Em entrevista exclusiva à Agência Brasil, a líder dos Tupinambá de Olivença, no litoral da Bahia, cacica Jamopoty, trouxe detalhes do reencontro com o manto sagrado.
"Primeiro, fui eu com minhas irmãs. Por ser também a primeira cacica do povo tupinambá, tive esse momento com o manto. Foi muito emocionante. Mostrou uma força, que eu imagino ter vindo por meio das memórias de outros parentes e ancestrais. Algo extraordinário, que trouxe união, força e pertencimento de um povo que era silenciado e considerado extinto. Para muitos livros, nós sequer existíamos", disse Jamopoty.
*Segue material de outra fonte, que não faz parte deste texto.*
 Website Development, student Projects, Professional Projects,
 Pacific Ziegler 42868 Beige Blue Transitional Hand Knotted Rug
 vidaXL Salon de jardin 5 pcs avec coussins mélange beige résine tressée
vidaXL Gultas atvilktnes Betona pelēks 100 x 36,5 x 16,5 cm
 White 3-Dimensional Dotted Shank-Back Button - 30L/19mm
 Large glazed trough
Desde a chegada do manto ao Brasil, no início de julho desse ano, houve críticas dos indígenas à forma como o artefato foi recebido. Eles desejavam participar ativamente da recepção nos primeiros dias. Mas, segundo a cacica, essas questões ficaram no passado.
"Num primeiro momento, foi muito difícil, mas hoje tudo isso foi superado. O manto está nos reencontrando e reencontrando as autoridades que podem tomar conta dele para nós, preservar mais e cuidar com muito carinho, porque ele é um ente vivo. É um ancião, que tem uma força e veio buscar o seu povo para levar até ele. E nós abrimos as portas não só para os Tupinambá, mas para outros povos também. E nós todos saímos maravilhados daqui, pelo lugar que ele está hoje", disse a cacica.
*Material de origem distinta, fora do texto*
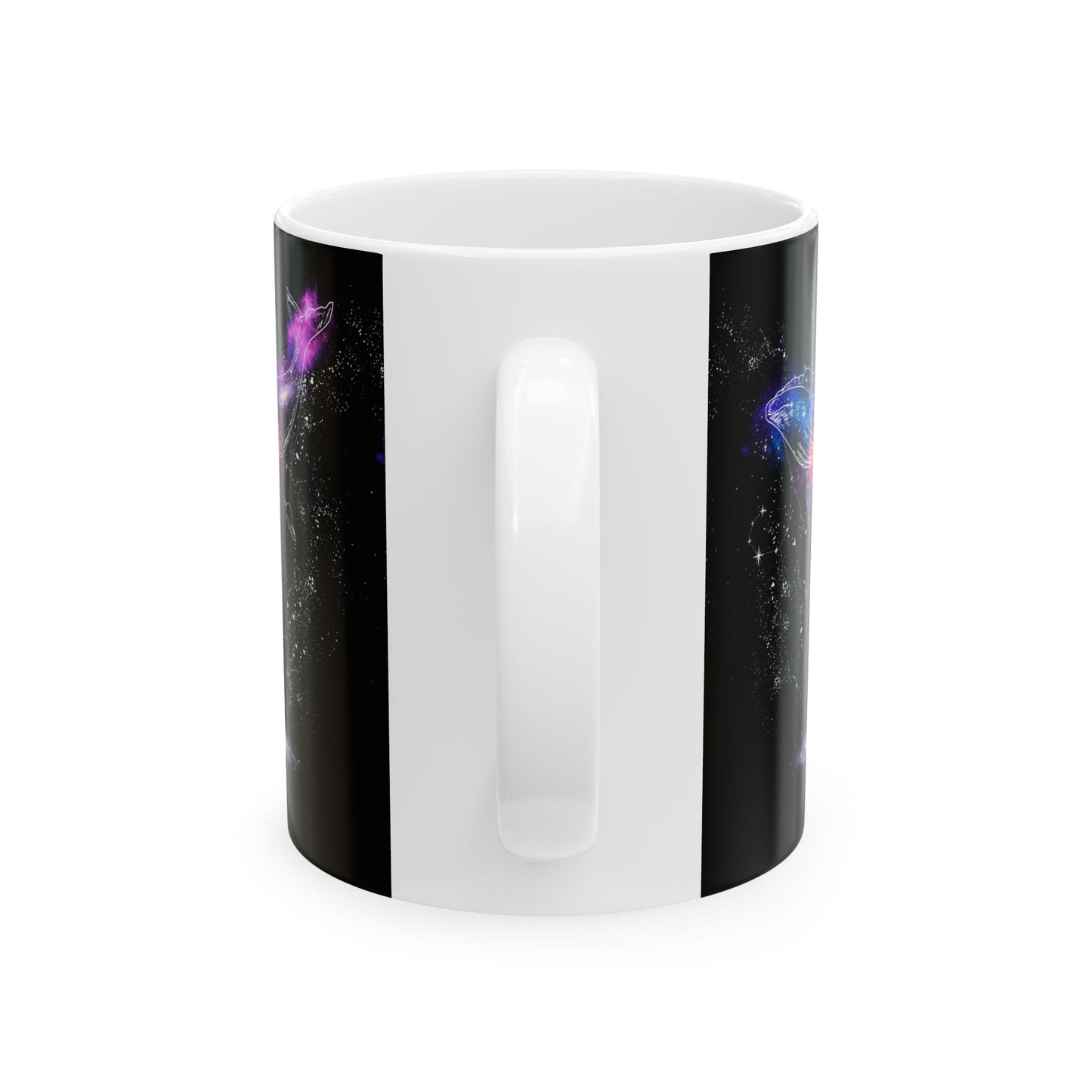 Cosmic Whale Ceramic Mug – 11oz & 15oz, Celestial Coffee Mug for Fantasy Fans & Stargazers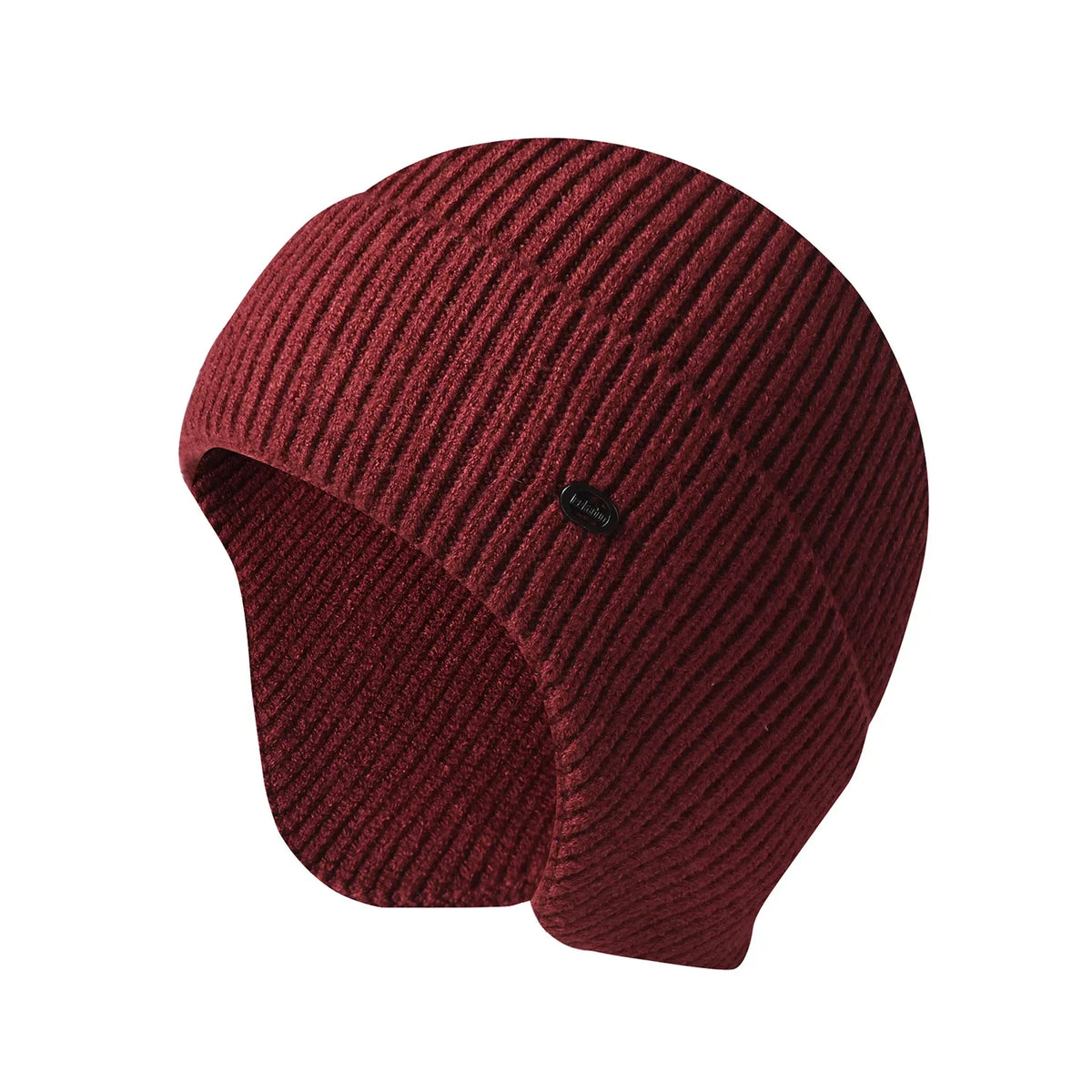 Unisex Winter-Strickmütze – Warme Beanie mit Kunstfell & Ohrenschutz für Damen & Herren
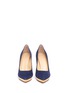 Front View - Click To Enlarge - CHARLOTTE OLYMPIA - 'Debbie' platform suede pumps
Mesmo agradecidos pela forma como o Museu Nacional está cuidando e protegendo o manto sagrado, os tupinambás dizem estar em diálogo com as autoridades para que tenham acesso frequente ao artefato e para que, no futuro, ele possa estar ainda mais perto do povo indígena.
"A gente esta conversando com o Ministério dos Povos Indígenas e o próprio museu para criarmos protocolos. Porque hoje estamos aqui, mas não sabemos sobre o amanhã. Queremos que as futuras gerações entendam o que o manto representa para o povo tupinambá", disse Jamopoty.